マーケティング的経費の削減とは?

マーケティングにはさまざまな考え方がありますが、お客様が商品やサービスをよりよい状態で得ることができるようにするために行われる調査や対処などを表すことが一般的です。

経費削減が叫ばれる中、できるだけお客様に提供していたサービスにおいては品質を下げることのないようにしたいというのが一般的な見解ですが、あえてお客様に向けたサービスを取りやめることで、経費削減につなげているケースもあります。

たとえば、某自動車メーカーでは、これまで来店されたお客様に対してコーヒーやお茶などのドリンクを提供していましたが、こうしたサービスを廃止しました。

企業でユニマットなどを導入していたり、ウォーターサーバーを設置しているところは多いかと思いますが、こうしたものは徐々に廃止傾向にあります。

しかし、お客様に提供するサービスについて廃止を行うという企業はなかなかありませんでした。

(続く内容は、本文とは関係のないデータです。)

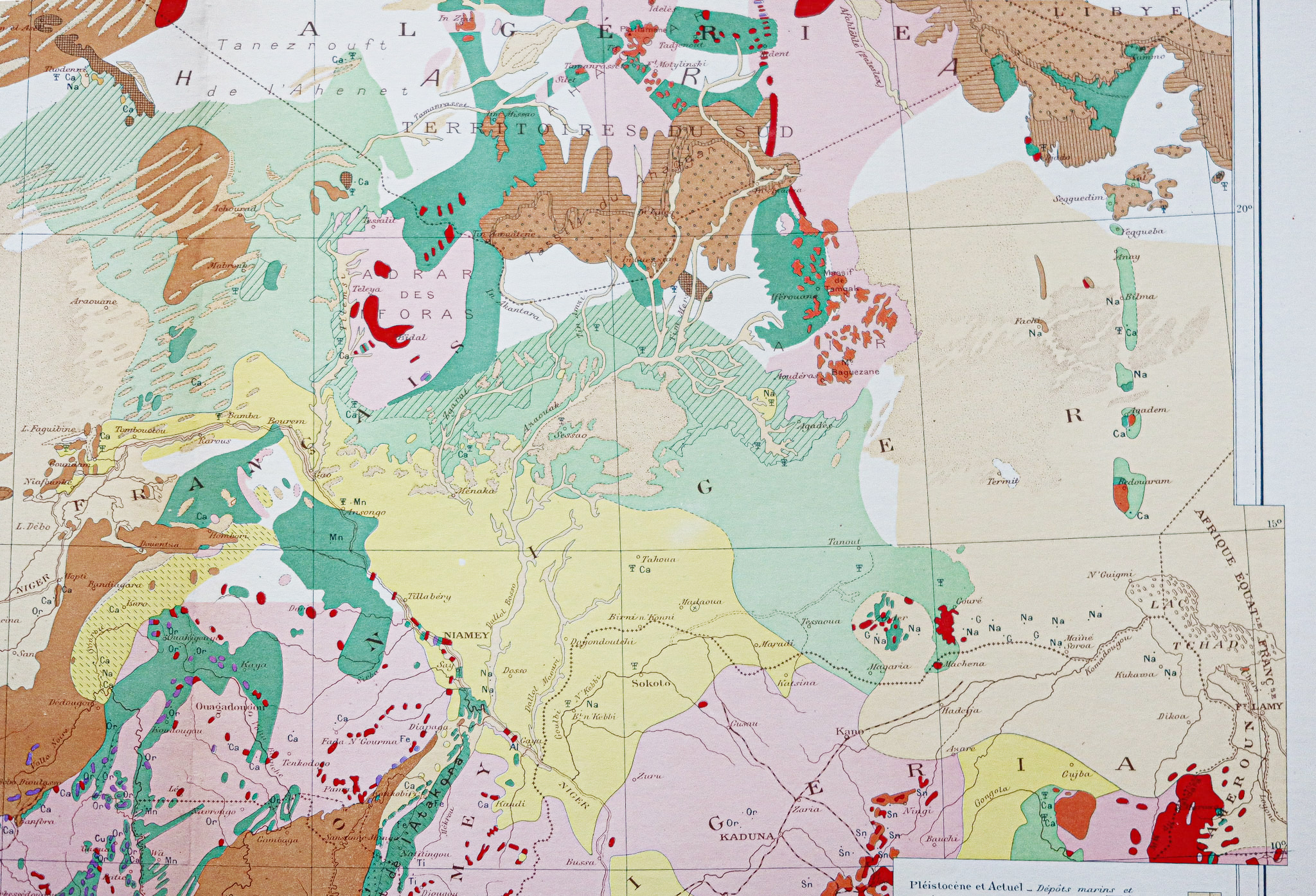 Carte ancienne - Afrique occidentale - Togo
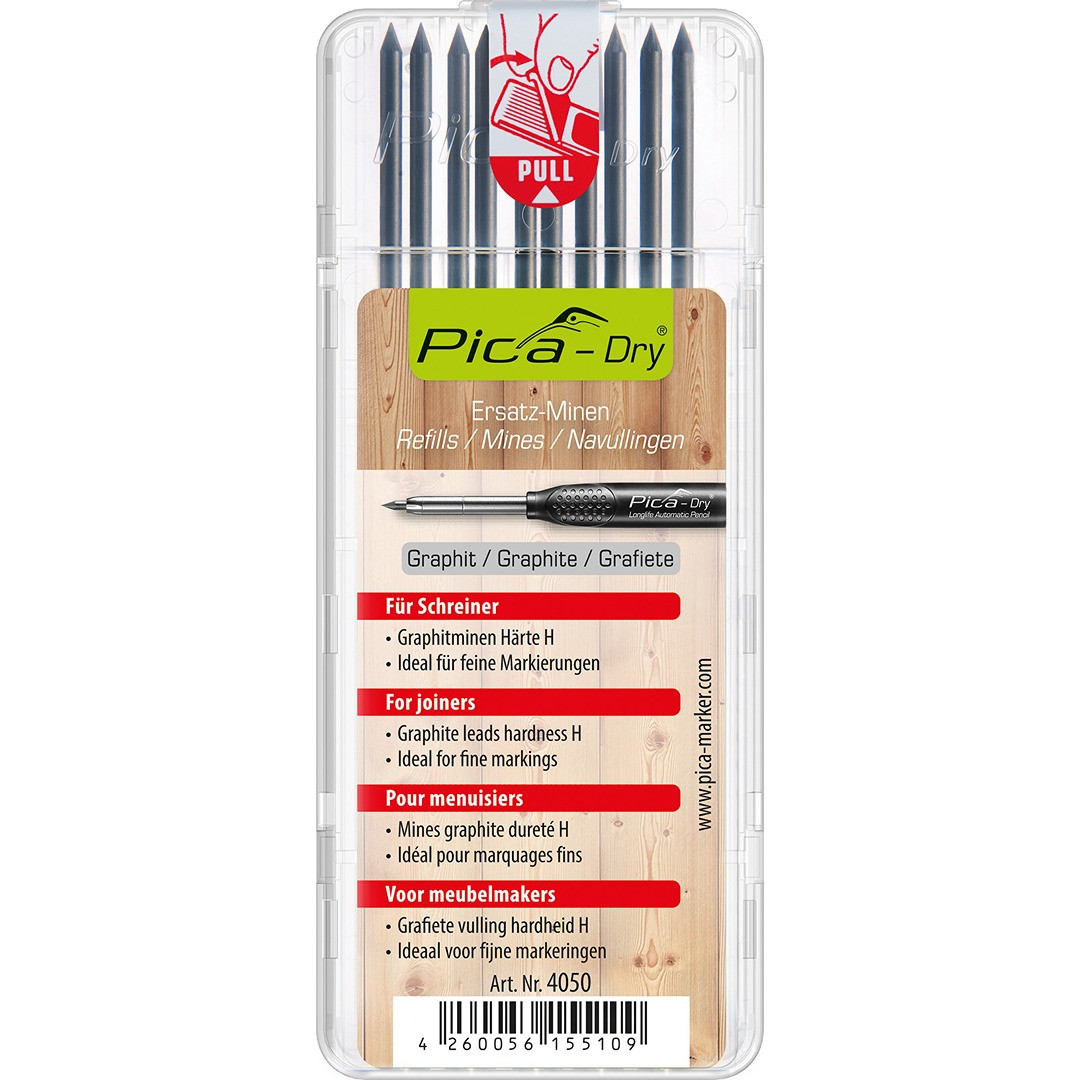 Pica 4050 Dry Special Refill Lead for Joiners, 10PK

この廃止の背景には、綿密なマーケティングがあります。
お客様がディーラーを訪れるにあたり、どのくらいドリンクを求めているか、ドリンクがないことで、自動車販売にはどの程度の影響があるかということを調べ、大きな影響はないという確信を持った上で廃止の決断をしたようです。

お客様の理解も厚い

顧客のタイプは千差万別ですので、こうしたサービスの廃止についてもさまざまな意見があると思います。

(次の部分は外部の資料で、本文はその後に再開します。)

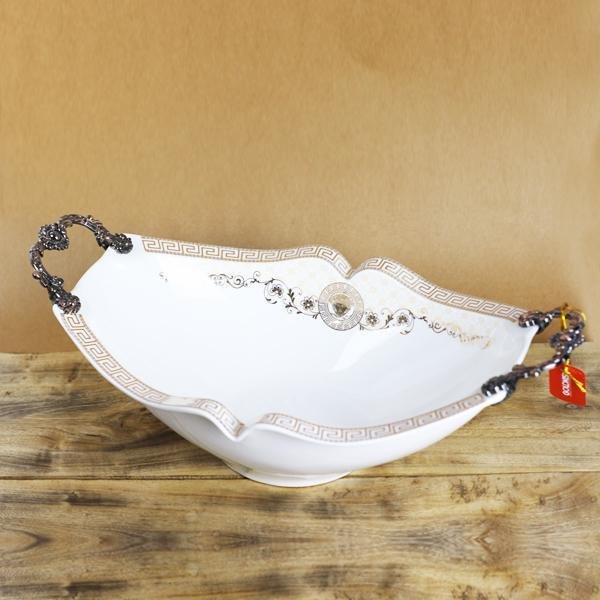 VERSACE Legendary Oval shaped Ceramic Bowl | kitchen item | Waseeh Pakistan
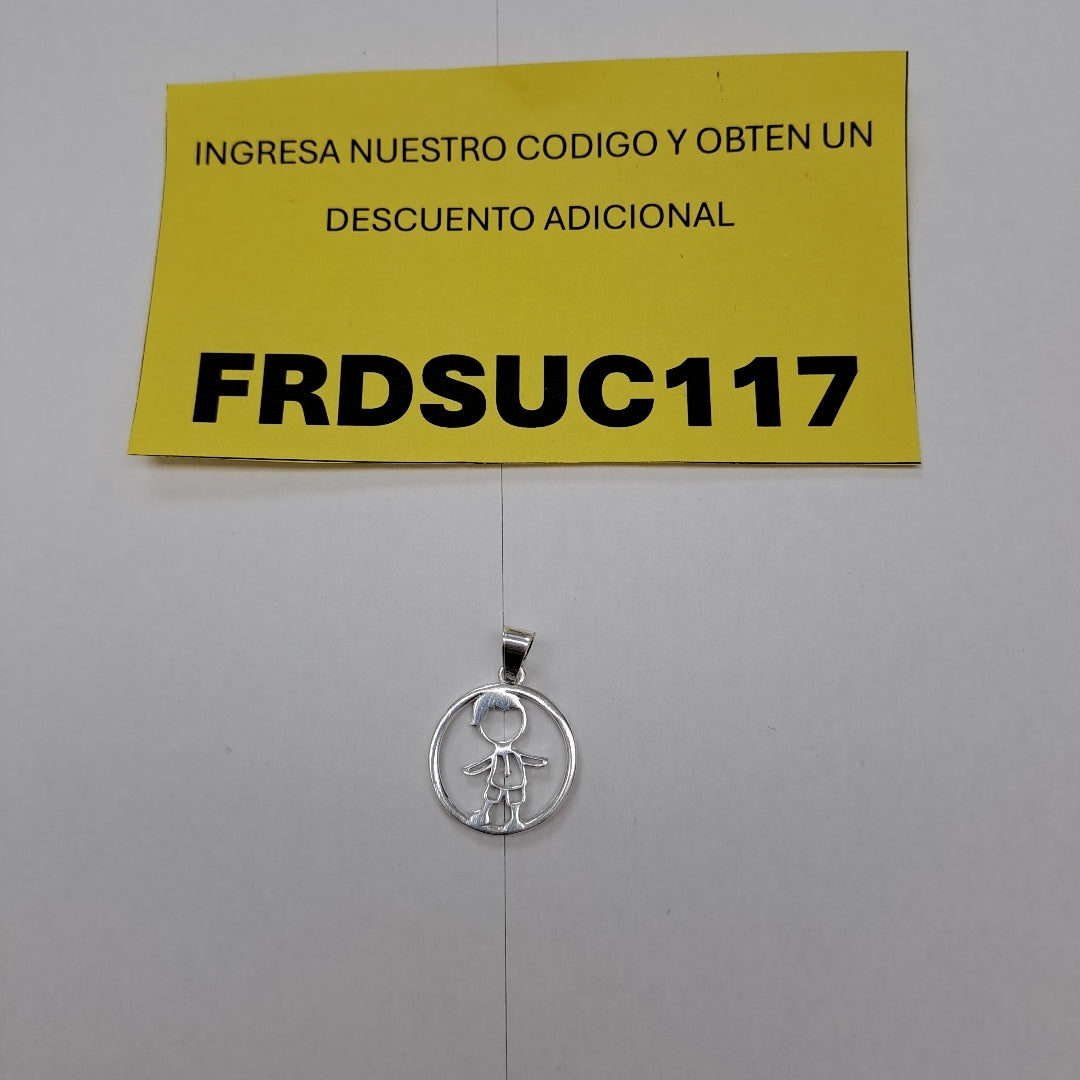 DIJE NIÑO PLATA .925 1.9 GR (NUEVO)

例えば商品を購入して、必要以上に梱包に手が込んでいたりすると、お客様はその梱包に満足するよりも、「こんなに梱包にお金をかけなくていいから、もっと商品を安くしてほしい」と思われる方が多いのだそうです。
こうしたことを踏まえた上で、ドリンクサービスの廃止を決定したのだとか。

質の高いサービスは、必ずしも経費をかけなければならないというものではなく、心のこもった接客をすることでも十分にお客様に満足していただくことができるものです。

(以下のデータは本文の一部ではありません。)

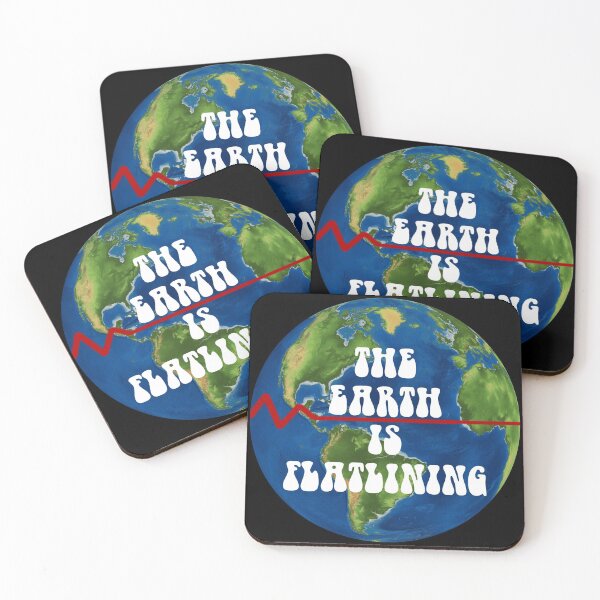 Item preview, The Earth Is Flatlining Globe 2 designed and sold by everything4eva.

また、不景気により経費削減を意識しているのは、お客様がお仕事されている企業でも同様ですので、理解していただけやすいということもあります。

この「マーケティング的経費削減」は、現在多くの企業で取り入れられています。
自社内で行う経費削減については独断で決めることができるものもいろいろとありますが、対顧客となると自社で判断しきれない部分も出てくるため、コンサルティング会社に依頼をして経費削減項目を洗い出してもらっている企業もたくさんあるようです。

お客様へのサービスに経費を多く使っているという企業においては、この部分を洗い出すことで大きな経費削減に繋がります。

製品やサービスの品質を下げずに経費削減をするにあたり、コンサルティング的経費削減は、今後必要不可欠なものとなっていくでしょう。